1. object ExtractEquiJoinKeys
一个模式匹配,官方注释是:
A pattern that finds joins with equality conditions that can be evaluated using equi-join. Null-safe equality will be transformed into equality as joining key (replace null with default value).
那什么叫null-safe equality呢?这里有个case class EqualNullSafe,解释是:
expr1 FUNC expr2 - Returns same result as the EQUAL(=) operator for non-null operands, but returns true if both are null, false if one of the them is null.
意思也就是除了正常的值会判断相等之外,当等式左右两边都是null时候也会认为其相等,当有一边为null时候认为其不等。查看源码会发现,当两边都是null时候其实会被当作是0来处理。
源码:
/**
* A pattern that finds joins with equality conditions that can be evaluated using equi-join.
*
* Null-safe equality will be transformed into equality as joining key (replace null with default
* value).
*/
object ExtractEquiJoinKeys extends Logging with PredicateHelper {
/** (joinType, leftKeys, rightKeys, condition, leftChild, rightChild) */
type ReturnType =
(JoinType, Seq[Expression], Seq[Expression], Option[Expression], LogicalPlan, LogicalPlan)
def unapply(plan: LogicalPlan): Option[ReturnType] = plan match {
case join @ Join(left, right, joinType, condition) =>
logDebug(s"Considering join on: $condition")

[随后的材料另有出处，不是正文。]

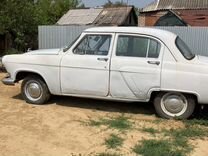 ГАЗ 21 Волга 2.4 MT, 1970, 100 000 км, с пробегом, цена 100 000 руб.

// Find equi-join predicates that can be evaluated before the join, and thus can be used
// as join keys.
val predicates = condition.map(splitConjunctivePredicates).getOrElse(Nil)
val joinKeys = predicates.flatMap {
case EqualTo(l, r) if l.references.isEmpty || r.references.isEmpty => None
case EqualTo(l, r) if canEvaluate(l, left) && canEvaluate(r, right) => Some((l, r))
case EqualTo(l, r) if canEvaluate(l, right) && canEvaluate(r, left) => Some((r, l))
// Replace null with default value for joining key, then those rows with null in it could
// be joined together
case EqualNullSafe(l, r) if canEvaluate(l, left) && canEvaluate(r, right) =>
Some((Coalesce(Seq(l, Literal.default(l.dataType))),
Coalesce(Seq(r, Literal.default(r.dataType)))))
case EqualNullSafe(l, r) if canEvaluate(l, right) && canEvaluate(r, left) =>
Some((Coalesce(Seq(r, Literal.default(r.dataType))),
Coalesce(Seq(l, Literal.default(l.dataType)))))
case other => None
}
val otherPredicates = predicates.filterNot {
case EqualTo(l, r) if l.references.isEmpty || r.references.isEmpty => false
case EqualTo(l, r) =>
canEvaluate(l, left) && canEvaluate(r, right) ||
canEvaluate(l, right) && canEvaluate(r, left)
case other => false
}
if (joinKeys.nonEmpty) {
val (leftKeys, rightKeys) = joinKeys.unzip
logDebug(s"leftKeys:$leftKeys | rightKeys:$rightKeys")
Some((joinType, leftKeys, rightKeys, otherPredicates.reduceOption(And), left, right))
} else {
None
}
case _ => None
}
}
首先将join的所有conditions收集出来(如果有and则收集and.left和and.right),然后分成两个Sequence,一个是joinKeys,一个是otherPredicates,前者是对于canEvaluate()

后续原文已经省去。